MATERIAL FOR THIS TASK:
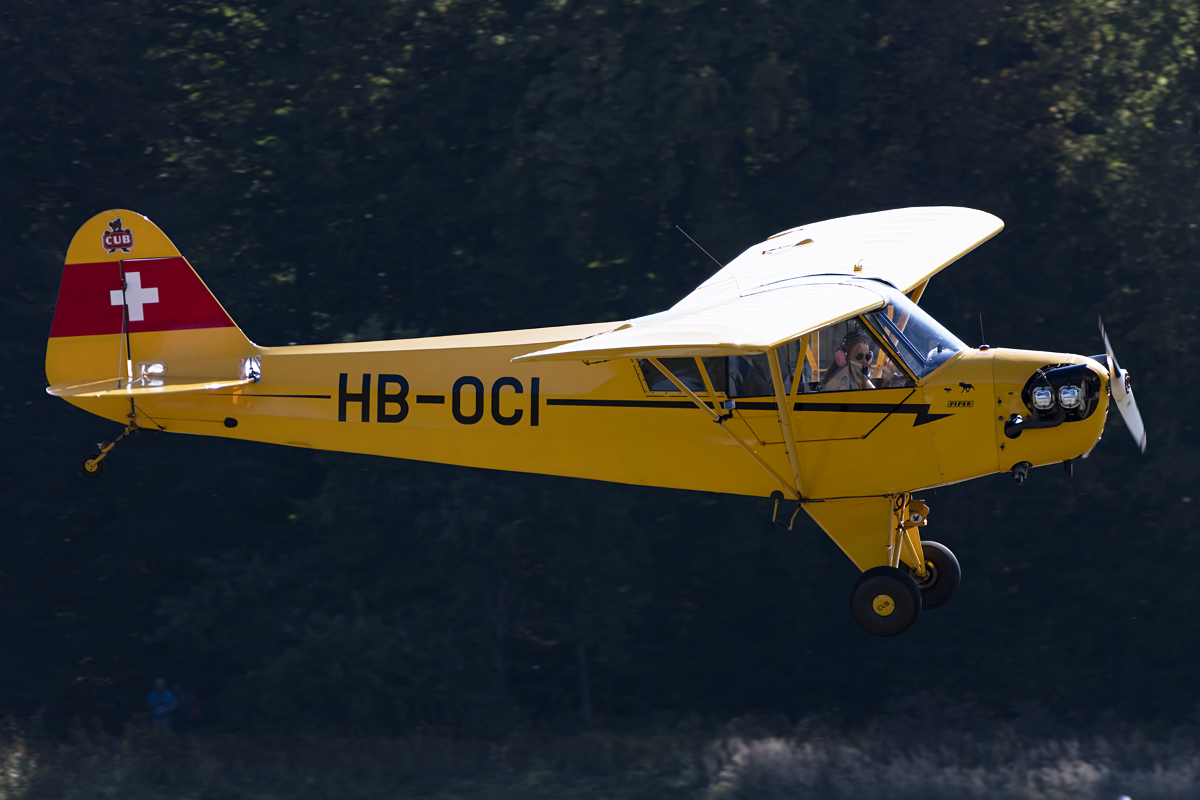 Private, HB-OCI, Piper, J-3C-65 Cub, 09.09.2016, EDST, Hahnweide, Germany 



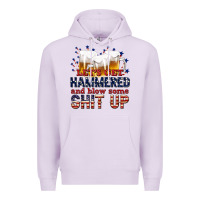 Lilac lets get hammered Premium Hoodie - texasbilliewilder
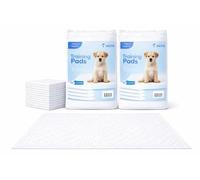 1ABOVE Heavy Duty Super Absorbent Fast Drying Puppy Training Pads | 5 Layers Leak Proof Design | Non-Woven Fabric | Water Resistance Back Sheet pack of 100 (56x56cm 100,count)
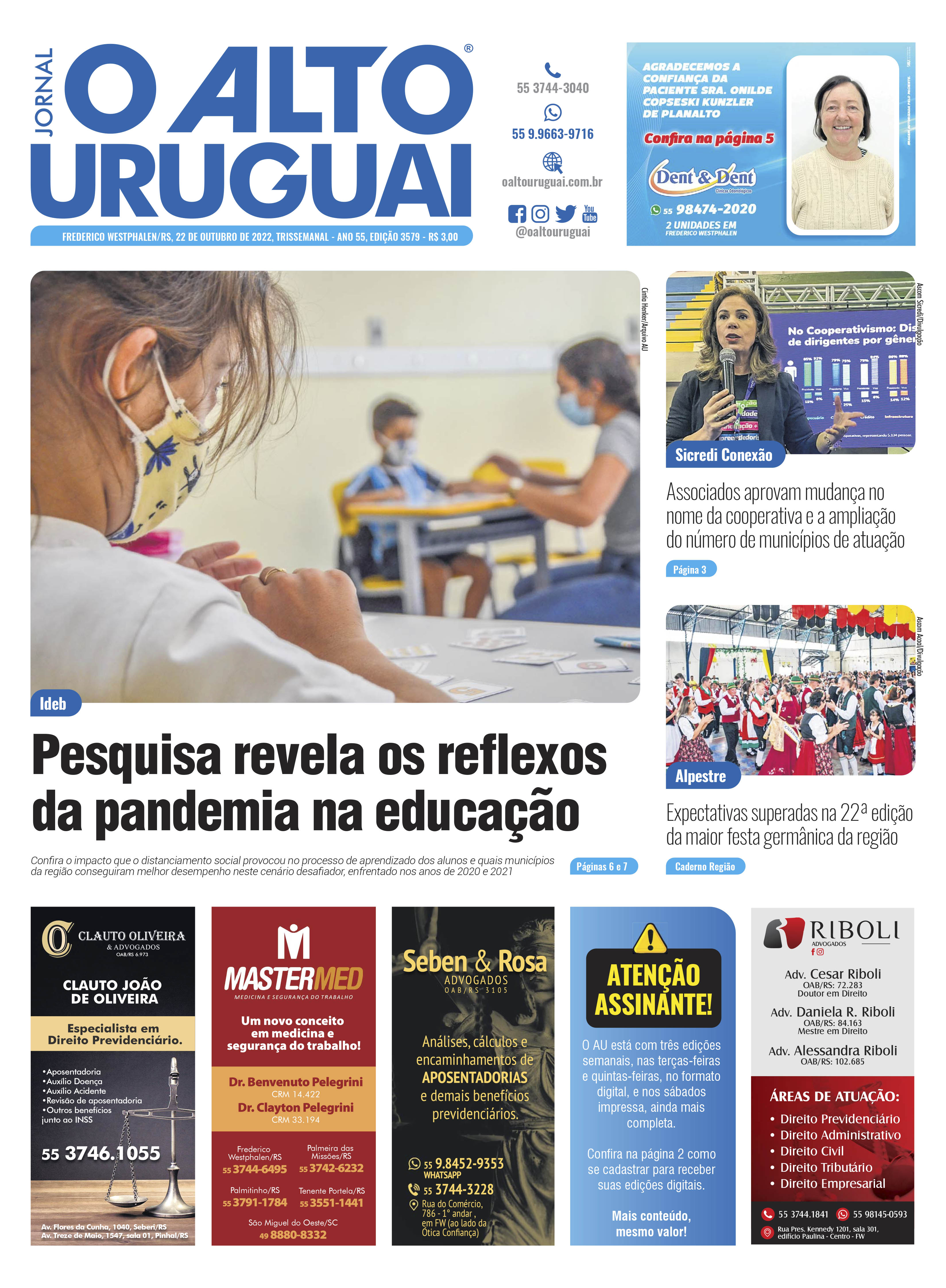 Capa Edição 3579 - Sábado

--

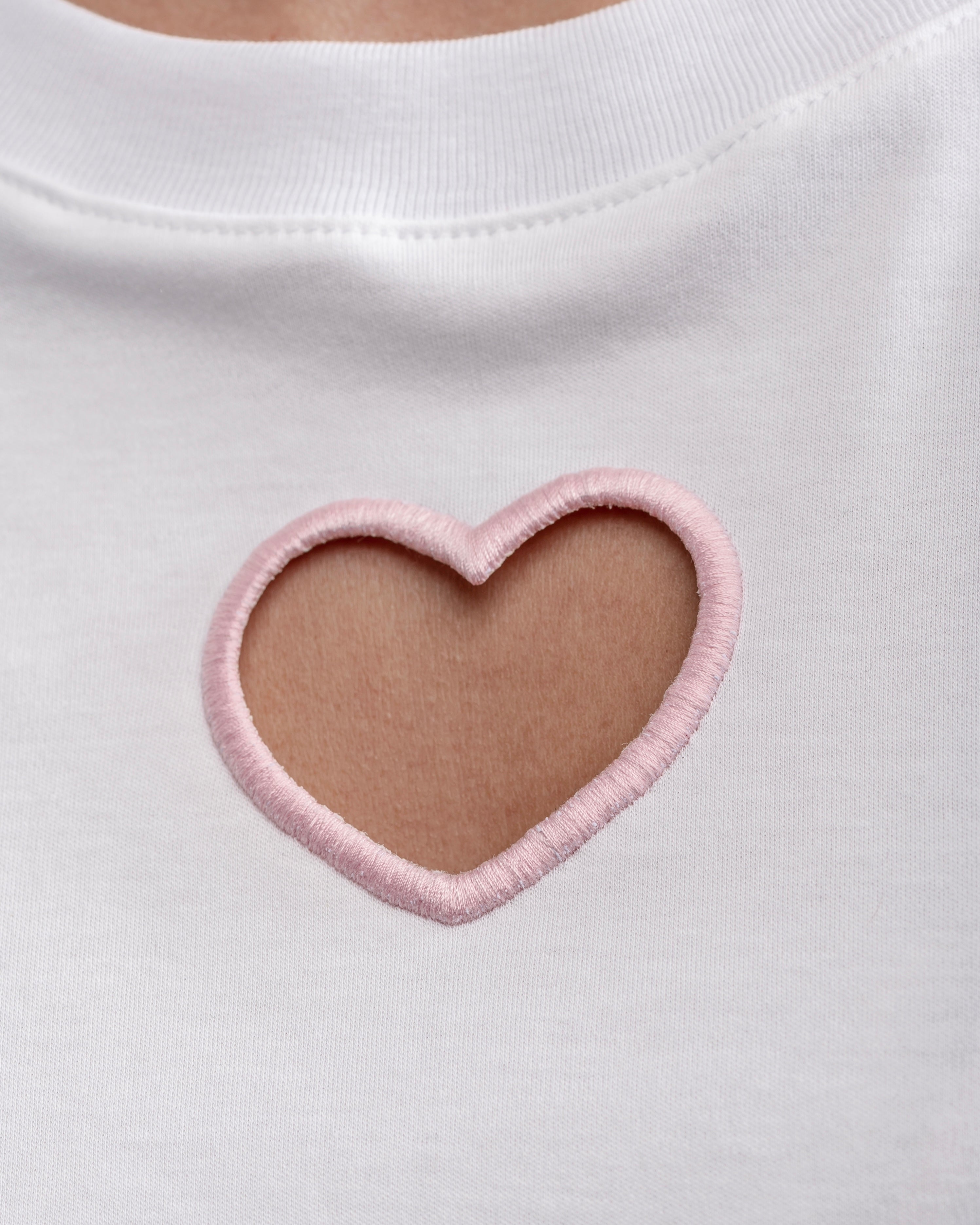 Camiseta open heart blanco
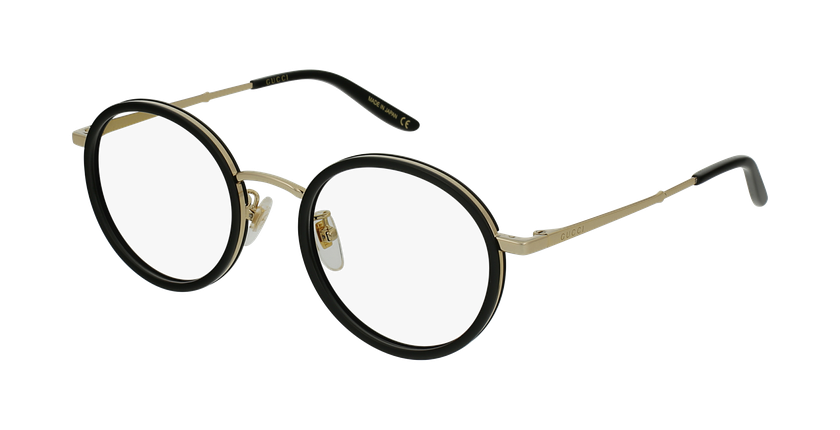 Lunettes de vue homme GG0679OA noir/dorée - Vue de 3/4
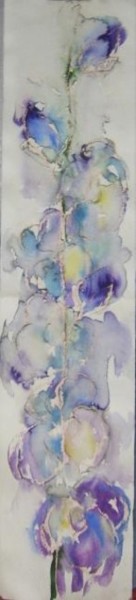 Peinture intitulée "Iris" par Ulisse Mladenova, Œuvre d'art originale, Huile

* * *

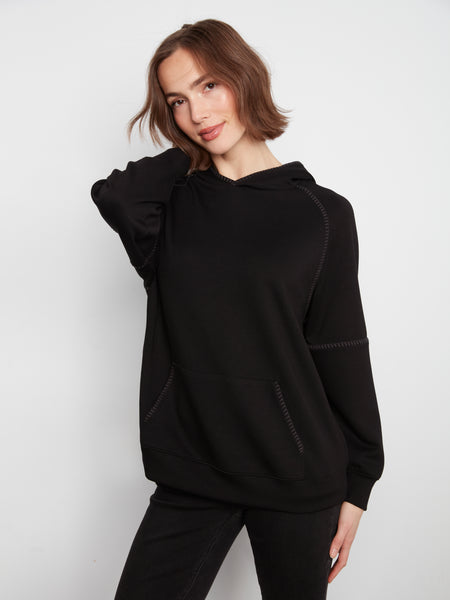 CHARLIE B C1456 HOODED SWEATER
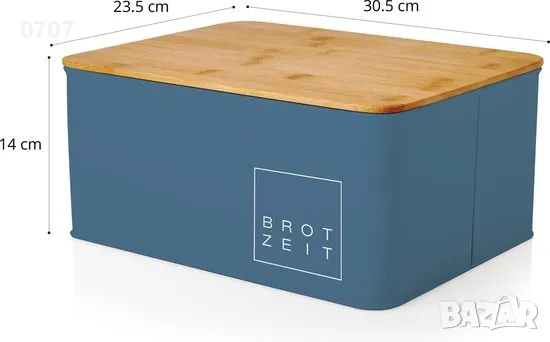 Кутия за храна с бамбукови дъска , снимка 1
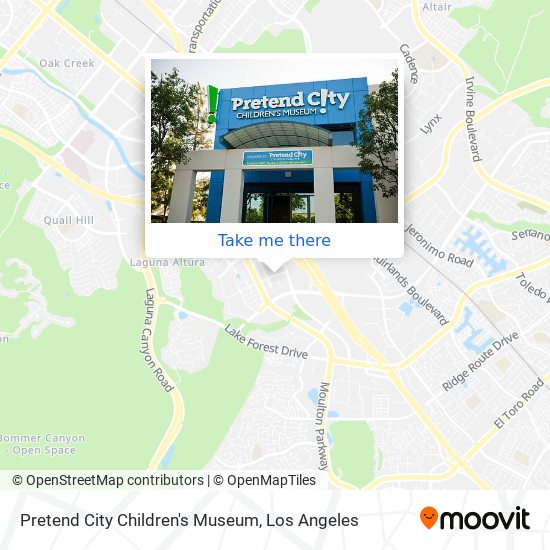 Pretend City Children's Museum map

EXERCISE GOAL: Copy the listing above exactly, but only from the line with "Private, HB-OCI, Piper, J-3C-65" through the line with "Capa Edição 3579 - Sábado", including those two lines and excluding any picture.

ANSWER AREA:
 Private, HB-OCI, Piper, J-3C-65 Cub, 09.09.2016, EDST, Hahnweide, Germany 



 Lilac lets get hammered Premium Hoodie - texasbilliewilder
 1ABOVE Heavy Duty Super Absorbent Fast Drying Puppy Training Pads | 5 Layers Leak Proof Design | Non-Woven Fabric | Water Resistance Back Sheet pack of 100 (56x56cm 100,count)
 Capa Edição 3579 - Sábado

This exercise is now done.